▶ [SOURCE DATA]
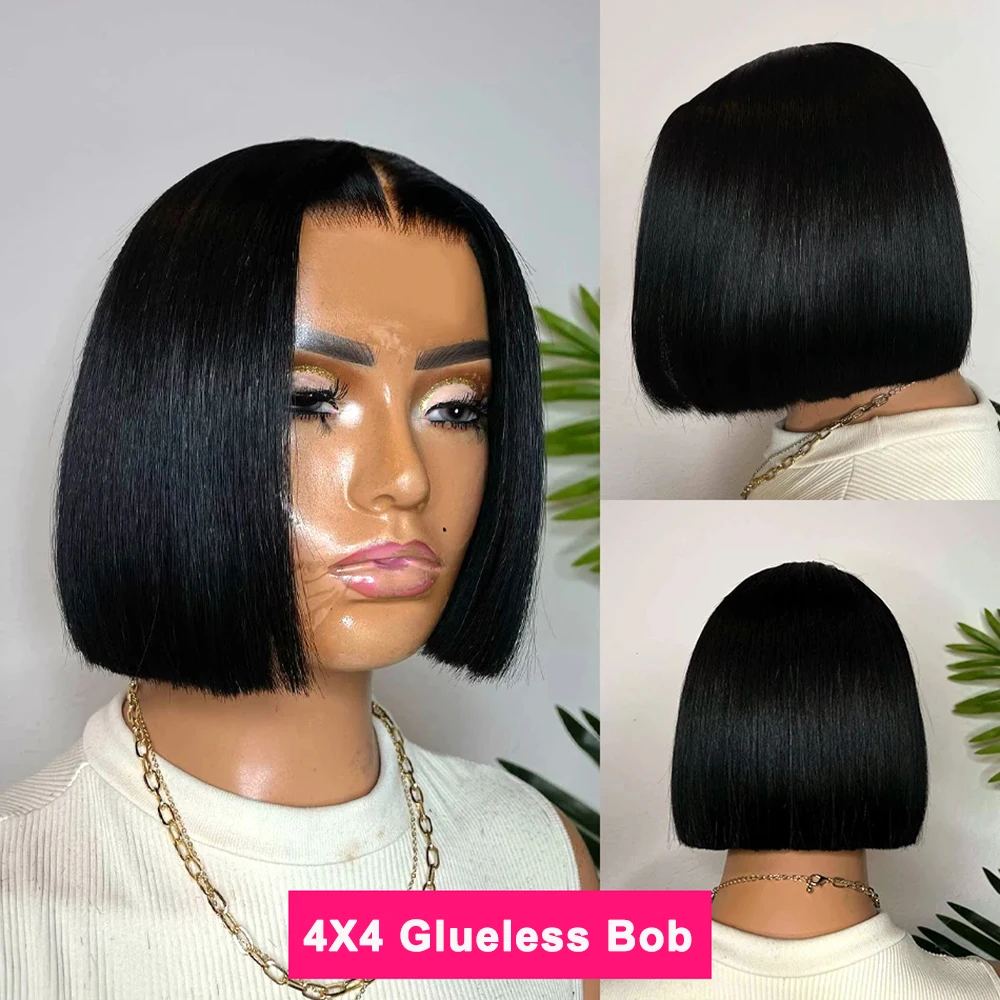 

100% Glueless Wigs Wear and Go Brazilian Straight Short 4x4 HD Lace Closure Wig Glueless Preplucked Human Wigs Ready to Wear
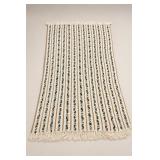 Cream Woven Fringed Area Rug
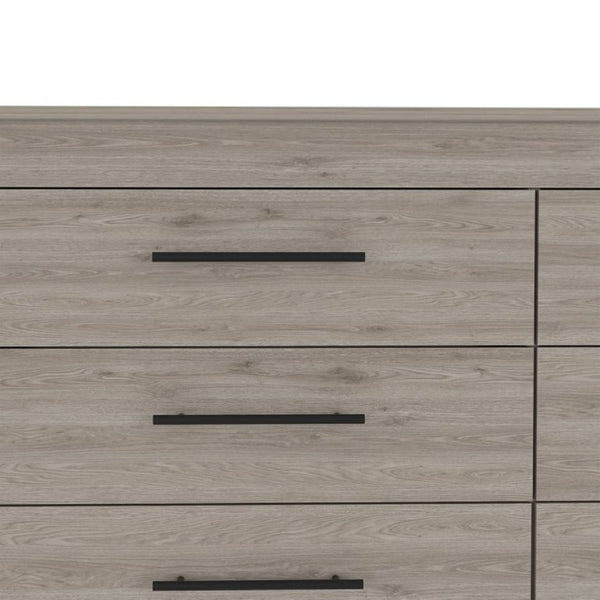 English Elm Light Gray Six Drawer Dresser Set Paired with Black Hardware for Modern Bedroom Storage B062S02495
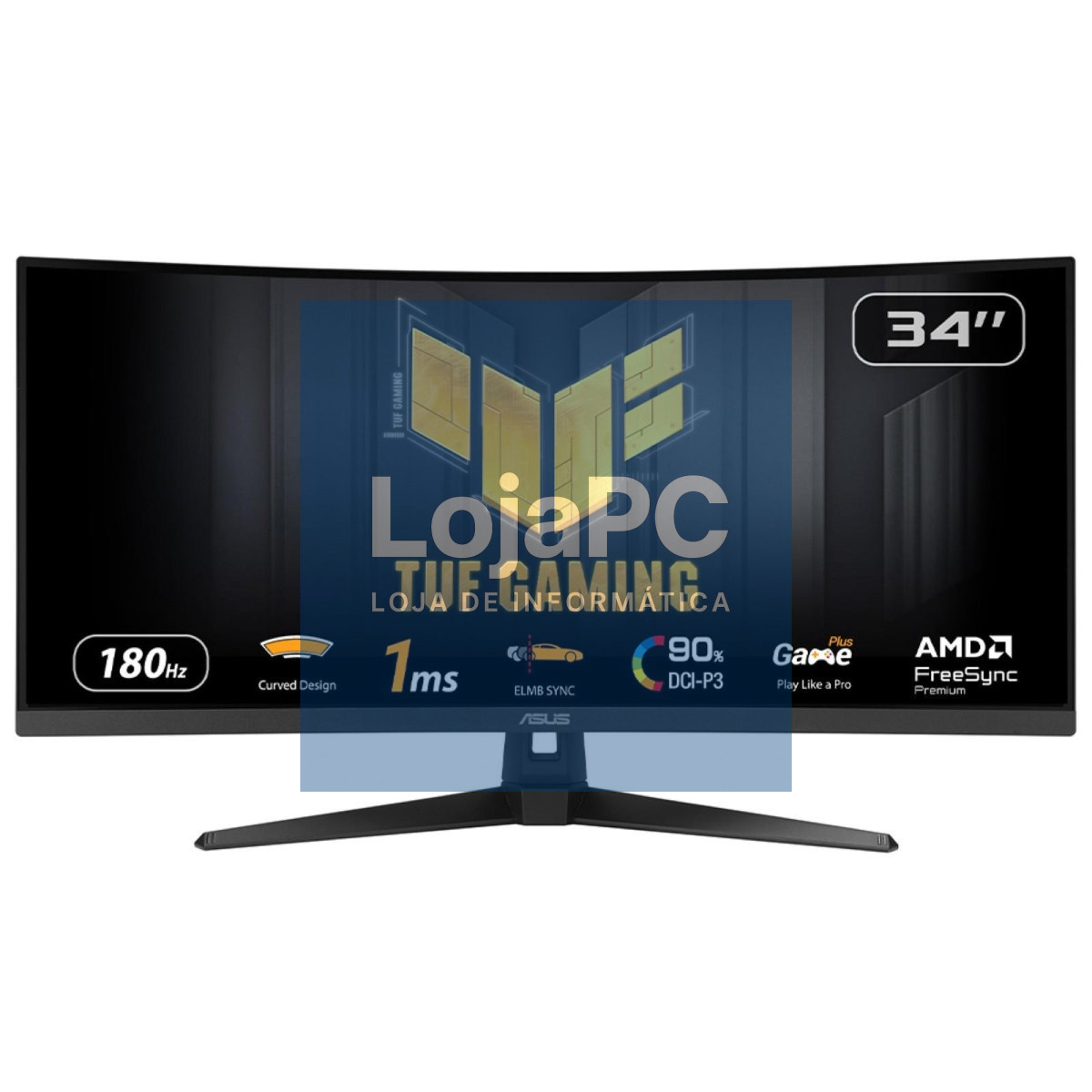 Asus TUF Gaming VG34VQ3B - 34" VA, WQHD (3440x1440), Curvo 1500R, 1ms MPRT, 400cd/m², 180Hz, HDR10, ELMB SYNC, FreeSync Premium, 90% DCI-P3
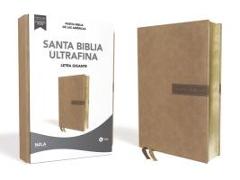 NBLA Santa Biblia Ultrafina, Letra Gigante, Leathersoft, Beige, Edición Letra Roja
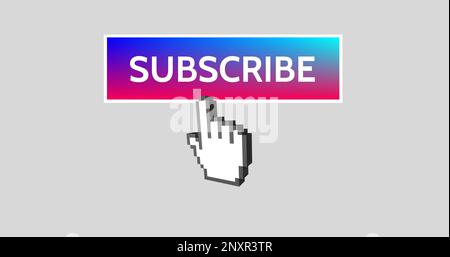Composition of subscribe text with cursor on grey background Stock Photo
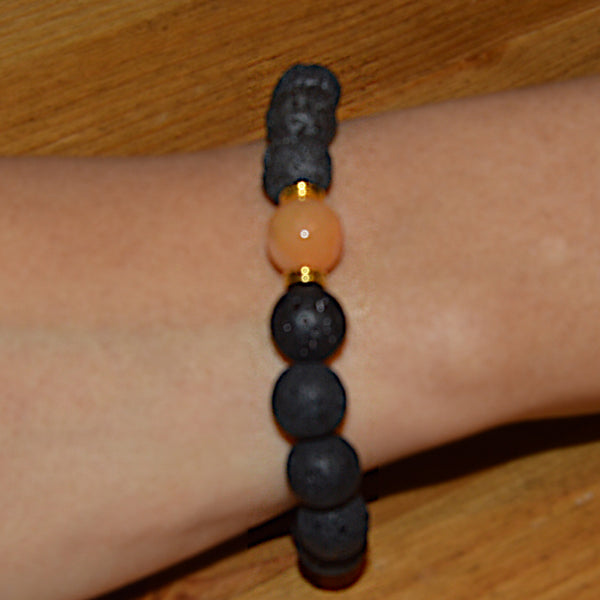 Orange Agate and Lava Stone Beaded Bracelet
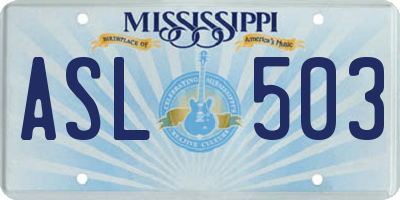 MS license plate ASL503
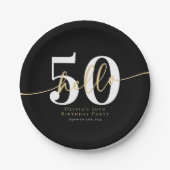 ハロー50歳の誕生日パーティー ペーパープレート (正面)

▶ [YOUR ASSIGNMENT] Without the pictures, return the records above exactly as written.

▶ [OUTPUT OF THE TASK]
100% Glueless Wigs Wear and Go Brazilian Straight Short 4x4 HD Lace Closure Wig Glueless Preplucked Human Wigs Ready to Wear
 Cream Woven Fringed Area Rug
 English Elm Light Gray Six Drawer Dresser Set Paired with Black Hardware for Modern Bedroom Storage B062S02495
 Asus TUF Gaming VG34VQ3B - 34" VA, WQHD (3440x1440), Curvo 1500R, 1ms MPRT, 400cd/m², 180Hz, HDR10, ELMB SYNC, FreeSync Premium, 90% DCI-P3
 NBLA Santa Biblia Ultrafina, Letra Gigante, Leathersoft, Beige, Edición Letra Roja
Composition of subscribe text with cursor on grey background Stock Photo
 Orange Agate and Lava Stone Beaded Bracelet
 MS license plate ASL503
 ハロー50歳の誕生日パーティー ペーパープレート (正面)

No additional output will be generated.